The Shared Ownership Council has chosen the New Homes Quality Board (NHQB) to operate its Shared Ownership Code (developed and piloted by the Council between December 2024 and March 2025). Full responsibility transfers from the Council to the NHQB on 7 October 2025.
Ann Santry, Chair of the Shared Ownership Council, said: “We’re confident that the Code will be in safe and capable hands with NHQB. Our shared values, combined with their experience, infrastructure, and governance, will ensure effective implementation and better outcomes for current and future shared owners.” Adding: “I look forward to working with NHQB over the next few months to support the transition and to encourage more providers to adopt the Code.”
The Shared Ownership Code: background
In short, the Code aims to: ‘ensure transparency, fairness and improved support for shared owners in marketing, purchasing and management of homes’. It does this, in part, by standardising best practice and consumer protection.
Back in June 2025, Shared Ownership Resources published a response to the new Shared Ownership Code welcoming these aims. However, we also noted some shared owners’ doubts that a voluntary Code could have meaningful impact. Others expressed concerns that, at worst, the Code would simply become a tick-box marketing exercise, tasked with increasing market demand but insufficient to ensure that entrants to the scheme fully understand what they are getting into, or to resolve the pitfalls many shared owners face down the line.
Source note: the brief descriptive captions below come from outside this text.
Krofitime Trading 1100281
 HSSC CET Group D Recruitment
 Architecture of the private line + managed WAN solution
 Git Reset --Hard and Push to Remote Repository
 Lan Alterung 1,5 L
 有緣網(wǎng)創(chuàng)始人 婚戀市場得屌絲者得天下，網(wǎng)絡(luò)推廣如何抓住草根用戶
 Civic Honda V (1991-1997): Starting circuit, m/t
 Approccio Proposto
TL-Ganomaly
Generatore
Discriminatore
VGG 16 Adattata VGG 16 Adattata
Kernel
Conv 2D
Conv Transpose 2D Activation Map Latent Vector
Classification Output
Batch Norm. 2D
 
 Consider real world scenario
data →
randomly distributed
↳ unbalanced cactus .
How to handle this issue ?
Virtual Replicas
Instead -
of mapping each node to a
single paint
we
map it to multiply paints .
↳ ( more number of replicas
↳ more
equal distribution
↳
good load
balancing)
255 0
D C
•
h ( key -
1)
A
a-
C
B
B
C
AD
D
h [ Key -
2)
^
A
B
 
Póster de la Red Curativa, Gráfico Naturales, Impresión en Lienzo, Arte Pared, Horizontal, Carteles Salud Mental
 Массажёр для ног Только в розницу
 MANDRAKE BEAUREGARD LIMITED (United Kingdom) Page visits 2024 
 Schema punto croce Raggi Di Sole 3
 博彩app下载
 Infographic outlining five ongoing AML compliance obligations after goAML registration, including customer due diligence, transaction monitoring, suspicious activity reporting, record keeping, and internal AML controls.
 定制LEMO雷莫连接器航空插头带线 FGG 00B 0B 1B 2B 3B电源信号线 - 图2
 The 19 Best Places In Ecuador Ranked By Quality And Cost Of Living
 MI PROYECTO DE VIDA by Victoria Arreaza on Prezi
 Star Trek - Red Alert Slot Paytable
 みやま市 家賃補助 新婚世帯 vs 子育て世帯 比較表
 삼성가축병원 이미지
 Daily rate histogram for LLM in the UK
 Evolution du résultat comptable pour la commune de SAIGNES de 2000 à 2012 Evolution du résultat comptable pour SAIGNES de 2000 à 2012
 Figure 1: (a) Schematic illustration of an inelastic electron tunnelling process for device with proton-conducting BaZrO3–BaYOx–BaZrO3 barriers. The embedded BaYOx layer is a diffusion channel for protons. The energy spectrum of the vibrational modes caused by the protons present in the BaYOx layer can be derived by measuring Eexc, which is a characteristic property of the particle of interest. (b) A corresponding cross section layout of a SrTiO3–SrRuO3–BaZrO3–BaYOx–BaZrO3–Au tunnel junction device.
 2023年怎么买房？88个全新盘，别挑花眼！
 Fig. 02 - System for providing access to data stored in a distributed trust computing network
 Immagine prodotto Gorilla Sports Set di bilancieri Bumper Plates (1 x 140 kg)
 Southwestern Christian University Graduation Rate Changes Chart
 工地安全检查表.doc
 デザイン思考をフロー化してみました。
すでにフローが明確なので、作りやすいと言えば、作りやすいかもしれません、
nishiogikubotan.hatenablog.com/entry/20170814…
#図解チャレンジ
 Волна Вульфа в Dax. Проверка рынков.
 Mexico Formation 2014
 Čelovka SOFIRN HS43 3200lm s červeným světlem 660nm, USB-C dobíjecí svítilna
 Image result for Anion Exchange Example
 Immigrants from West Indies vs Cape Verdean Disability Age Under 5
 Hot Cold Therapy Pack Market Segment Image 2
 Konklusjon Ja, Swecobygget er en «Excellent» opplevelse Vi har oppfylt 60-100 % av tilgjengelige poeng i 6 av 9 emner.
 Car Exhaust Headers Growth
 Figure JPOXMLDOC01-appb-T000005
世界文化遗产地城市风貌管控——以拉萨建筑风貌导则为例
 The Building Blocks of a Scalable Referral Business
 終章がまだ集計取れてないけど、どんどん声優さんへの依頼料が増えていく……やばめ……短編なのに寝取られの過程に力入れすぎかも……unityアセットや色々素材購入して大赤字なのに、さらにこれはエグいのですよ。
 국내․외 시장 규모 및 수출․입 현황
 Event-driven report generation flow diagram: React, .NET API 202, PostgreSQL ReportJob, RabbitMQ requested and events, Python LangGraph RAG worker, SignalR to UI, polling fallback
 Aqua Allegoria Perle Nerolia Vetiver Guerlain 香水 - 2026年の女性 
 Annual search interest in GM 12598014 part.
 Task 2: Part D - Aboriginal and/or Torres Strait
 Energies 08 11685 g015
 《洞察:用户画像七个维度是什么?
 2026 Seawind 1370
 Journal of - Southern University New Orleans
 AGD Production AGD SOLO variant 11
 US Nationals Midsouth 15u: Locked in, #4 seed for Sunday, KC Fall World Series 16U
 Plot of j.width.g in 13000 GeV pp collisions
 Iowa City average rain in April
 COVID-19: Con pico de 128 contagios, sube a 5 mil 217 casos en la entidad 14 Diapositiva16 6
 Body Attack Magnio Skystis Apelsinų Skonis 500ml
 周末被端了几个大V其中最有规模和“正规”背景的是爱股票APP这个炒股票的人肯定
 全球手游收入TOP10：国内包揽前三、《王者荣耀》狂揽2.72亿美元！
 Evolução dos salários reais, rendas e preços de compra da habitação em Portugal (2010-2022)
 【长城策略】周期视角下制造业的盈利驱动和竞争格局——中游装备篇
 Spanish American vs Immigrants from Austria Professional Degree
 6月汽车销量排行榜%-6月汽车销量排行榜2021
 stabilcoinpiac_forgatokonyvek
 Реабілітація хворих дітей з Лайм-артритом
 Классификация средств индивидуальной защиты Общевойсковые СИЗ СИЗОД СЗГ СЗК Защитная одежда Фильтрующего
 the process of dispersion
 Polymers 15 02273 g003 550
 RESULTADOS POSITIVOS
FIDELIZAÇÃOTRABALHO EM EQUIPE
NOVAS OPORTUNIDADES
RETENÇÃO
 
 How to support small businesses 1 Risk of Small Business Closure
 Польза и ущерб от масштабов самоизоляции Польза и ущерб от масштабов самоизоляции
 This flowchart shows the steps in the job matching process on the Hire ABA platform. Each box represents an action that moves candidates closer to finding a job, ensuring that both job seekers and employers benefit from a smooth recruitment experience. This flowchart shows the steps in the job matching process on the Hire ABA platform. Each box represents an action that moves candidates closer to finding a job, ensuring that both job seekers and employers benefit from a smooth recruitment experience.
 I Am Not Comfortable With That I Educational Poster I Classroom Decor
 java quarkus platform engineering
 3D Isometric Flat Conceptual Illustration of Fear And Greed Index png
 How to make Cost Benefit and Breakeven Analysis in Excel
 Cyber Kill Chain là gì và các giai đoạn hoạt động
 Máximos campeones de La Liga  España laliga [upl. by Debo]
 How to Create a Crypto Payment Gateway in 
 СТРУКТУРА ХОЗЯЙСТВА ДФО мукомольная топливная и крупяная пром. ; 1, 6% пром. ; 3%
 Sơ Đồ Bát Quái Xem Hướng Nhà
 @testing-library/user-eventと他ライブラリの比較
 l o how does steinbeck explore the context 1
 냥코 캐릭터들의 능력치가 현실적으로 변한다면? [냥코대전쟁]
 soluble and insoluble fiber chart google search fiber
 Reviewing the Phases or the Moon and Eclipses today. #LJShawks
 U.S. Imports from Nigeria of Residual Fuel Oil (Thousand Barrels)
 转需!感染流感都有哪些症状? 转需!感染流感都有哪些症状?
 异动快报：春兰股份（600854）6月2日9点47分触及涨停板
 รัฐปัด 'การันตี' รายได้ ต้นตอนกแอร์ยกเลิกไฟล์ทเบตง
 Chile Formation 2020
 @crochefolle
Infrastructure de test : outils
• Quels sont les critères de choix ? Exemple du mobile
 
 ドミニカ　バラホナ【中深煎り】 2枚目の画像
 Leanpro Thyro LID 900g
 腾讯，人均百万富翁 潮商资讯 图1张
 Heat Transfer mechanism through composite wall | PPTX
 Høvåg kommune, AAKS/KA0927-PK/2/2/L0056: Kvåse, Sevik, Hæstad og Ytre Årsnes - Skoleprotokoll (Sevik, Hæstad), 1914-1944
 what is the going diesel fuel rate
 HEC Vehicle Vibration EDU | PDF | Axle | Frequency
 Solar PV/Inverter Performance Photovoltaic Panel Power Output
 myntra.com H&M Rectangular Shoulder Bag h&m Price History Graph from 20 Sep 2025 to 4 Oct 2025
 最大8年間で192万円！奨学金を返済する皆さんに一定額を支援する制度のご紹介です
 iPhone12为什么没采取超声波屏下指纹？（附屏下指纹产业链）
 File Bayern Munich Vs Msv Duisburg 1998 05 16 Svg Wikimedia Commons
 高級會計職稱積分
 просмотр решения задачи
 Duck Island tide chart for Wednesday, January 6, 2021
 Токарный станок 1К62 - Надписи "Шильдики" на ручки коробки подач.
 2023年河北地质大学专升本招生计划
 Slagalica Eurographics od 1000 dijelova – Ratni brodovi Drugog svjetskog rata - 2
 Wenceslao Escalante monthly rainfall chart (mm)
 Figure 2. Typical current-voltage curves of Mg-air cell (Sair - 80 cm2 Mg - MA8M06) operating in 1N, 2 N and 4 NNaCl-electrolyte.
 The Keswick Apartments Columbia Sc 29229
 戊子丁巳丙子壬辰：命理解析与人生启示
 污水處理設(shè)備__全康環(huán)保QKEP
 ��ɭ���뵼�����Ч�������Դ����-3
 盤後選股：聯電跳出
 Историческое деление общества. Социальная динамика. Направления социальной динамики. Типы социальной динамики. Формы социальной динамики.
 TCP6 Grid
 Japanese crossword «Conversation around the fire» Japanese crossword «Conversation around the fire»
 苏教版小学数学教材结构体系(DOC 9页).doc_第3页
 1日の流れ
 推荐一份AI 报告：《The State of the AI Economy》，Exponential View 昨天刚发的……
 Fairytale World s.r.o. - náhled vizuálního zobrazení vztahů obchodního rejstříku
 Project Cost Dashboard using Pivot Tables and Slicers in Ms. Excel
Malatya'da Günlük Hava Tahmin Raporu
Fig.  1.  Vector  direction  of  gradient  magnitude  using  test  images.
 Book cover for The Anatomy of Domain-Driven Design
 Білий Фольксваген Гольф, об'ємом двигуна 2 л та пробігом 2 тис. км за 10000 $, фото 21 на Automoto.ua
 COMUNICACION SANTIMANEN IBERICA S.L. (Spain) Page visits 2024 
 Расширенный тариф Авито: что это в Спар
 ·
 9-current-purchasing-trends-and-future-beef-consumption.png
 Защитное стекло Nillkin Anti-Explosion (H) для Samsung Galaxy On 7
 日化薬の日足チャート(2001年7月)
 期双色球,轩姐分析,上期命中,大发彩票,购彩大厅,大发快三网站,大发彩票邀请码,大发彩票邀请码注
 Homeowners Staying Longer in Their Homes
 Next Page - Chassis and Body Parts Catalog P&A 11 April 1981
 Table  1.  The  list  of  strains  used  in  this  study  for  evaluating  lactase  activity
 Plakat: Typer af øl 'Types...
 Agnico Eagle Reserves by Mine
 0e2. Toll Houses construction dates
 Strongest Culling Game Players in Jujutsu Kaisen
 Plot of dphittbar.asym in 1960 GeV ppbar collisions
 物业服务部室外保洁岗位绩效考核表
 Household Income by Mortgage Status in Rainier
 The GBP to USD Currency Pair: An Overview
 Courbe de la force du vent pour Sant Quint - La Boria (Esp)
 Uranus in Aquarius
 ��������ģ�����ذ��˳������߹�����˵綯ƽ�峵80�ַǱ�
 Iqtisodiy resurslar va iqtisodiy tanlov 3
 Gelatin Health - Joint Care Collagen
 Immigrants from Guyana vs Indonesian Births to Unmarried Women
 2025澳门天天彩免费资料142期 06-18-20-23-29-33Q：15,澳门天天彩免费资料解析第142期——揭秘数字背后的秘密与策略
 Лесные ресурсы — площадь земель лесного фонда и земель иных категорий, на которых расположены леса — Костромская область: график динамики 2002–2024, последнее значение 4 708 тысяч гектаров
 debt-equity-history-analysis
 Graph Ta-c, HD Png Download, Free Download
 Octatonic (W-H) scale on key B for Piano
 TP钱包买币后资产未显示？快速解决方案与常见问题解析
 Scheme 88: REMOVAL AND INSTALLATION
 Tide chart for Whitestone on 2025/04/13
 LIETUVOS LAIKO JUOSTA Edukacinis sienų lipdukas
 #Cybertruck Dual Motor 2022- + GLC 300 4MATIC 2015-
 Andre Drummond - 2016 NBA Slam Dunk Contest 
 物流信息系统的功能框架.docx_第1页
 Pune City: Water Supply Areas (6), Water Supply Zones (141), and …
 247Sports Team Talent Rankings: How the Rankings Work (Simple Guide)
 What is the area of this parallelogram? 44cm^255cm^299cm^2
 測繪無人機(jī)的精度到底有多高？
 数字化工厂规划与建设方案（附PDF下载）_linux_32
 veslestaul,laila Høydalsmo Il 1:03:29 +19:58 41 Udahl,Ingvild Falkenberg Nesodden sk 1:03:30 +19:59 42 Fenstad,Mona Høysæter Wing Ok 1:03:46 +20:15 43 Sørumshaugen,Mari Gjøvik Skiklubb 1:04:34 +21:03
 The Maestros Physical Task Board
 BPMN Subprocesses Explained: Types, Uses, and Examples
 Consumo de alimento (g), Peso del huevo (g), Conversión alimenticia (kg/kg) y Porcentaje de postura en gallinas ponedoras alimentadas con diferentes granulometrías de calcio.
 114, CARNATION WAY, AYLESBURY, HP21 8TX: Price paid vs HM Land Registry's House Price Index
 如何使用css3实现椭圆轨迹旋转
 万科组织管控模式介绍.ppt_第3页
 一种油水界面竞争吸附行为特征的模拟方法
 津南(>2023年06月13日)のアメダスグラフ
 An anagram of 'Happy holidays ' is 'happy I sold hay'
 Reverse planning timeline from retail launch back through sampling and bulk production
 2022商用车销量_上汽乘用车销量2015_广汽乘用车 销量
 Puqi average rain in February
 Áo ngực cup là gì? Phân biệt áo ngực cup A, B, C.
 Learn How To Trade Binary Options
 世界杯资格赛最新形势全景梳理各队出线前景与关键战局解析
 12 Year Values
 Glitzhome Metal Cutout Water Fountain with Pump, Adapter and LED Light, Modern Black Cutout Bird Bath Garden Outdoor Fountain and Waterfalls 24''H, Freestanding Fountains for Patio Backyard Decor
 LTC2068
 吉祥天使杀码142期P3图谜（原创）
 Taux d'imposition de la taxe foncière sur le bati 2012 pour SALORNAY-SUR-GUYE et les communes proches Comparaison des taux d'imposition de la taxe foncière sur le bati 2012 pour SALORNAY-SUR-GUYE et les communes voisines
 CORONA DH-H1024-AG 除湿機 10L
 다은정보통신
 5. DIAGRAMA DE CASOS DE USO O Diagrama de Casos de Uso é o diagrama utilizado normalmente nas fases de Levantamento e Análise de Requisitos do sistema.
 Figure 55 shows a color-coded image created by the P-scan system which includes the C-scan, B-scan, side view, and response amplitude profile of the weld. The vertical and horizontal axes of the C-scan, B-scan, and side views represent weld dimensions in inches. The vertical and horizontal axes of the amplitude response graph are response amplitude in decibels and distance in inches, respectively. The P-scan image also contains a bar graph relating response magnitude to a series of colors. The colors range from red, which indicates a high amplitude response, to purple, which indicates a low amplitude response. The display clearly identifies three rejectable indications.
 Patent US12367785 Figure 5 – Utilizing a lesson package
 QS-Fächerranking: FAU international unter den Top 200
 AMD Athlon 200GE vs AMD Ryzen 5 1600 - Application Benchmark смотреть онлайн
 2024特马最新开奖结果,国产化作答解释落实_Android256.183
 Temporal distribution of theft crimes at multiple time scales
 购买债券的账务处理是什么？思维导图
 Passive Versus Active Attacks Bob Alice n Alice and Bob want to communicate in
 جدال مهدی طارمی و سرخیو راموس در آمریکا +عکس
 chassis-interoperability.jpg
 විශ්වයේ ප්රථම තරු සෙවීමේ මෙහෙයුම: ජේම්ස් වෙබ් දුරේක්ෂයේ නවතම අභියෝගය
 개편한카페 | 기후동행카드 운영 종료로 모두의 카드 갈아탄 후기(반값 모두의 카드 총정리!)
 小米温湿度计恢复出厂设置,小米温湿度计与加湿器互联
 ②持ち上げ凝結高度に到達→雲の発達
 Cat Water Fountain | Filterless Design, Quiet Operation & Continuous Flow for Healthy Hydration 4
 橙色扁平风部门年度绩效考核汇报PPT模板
At the time, we concluded that much would depend on who was appointed to operate the Code. Additionally, we drew attention to the potential role of Regulators when it comes to compliance with Code requirements, taking appropriate action and ensuring redress in the event of non-compliance.
Shared Ownership Resources welcomes adoption of the Code by the NHQB
In June 2025, Shared Ownership Resources proposed several different options to give the Code ‘teeth’, including: incorporation of shared ownership into the NHQB Code with oversight by the New Homes Ombudsman Service, or a reciprocal arrangement between the New Homes Ombudsman Service and the Housing Ombudsman.
Consequently, we welcome the choice of the NHQB to operate the Shared Ownership Code. However, taking on the SO Council’s Code is not the same thing as incorporating shared ownership into the existing NHQB Code for new homes. Operations similar to those used for NHQB’s New Homes Quality Code will be applied to the Shared Ownership Code. But both Codes will remain separate, with different criteria, registrations and fees.
This is, perhaps, inevitable at present. New-build shared ownership homes are often subject to more complex ownership and management arrangements than other new-builds. This poses increasingly recognised challenges for control, communication and accountability, which the current NHQB Code is not currently equipped to deal with.
However, it is vital not to end up with a two-tier Code of Practice with entrants to the shared ownership scheme continuing to be disadvantaged by fewer rights and protections than other homebuyers. As Paula Higgins, CEO of the HomeOwners Alliance states: “Success depends on providers stepping up”.

There are some encouraging signs. NHQB plans to create a range of advisory panels for future review of the Code – gathering input from different stakeholder groups, including public sector representatives, consumers, housing providers, and the wider housing sector.
The Code should be a live document seeking not only to share best practice, but also to encourage and support continual improvement.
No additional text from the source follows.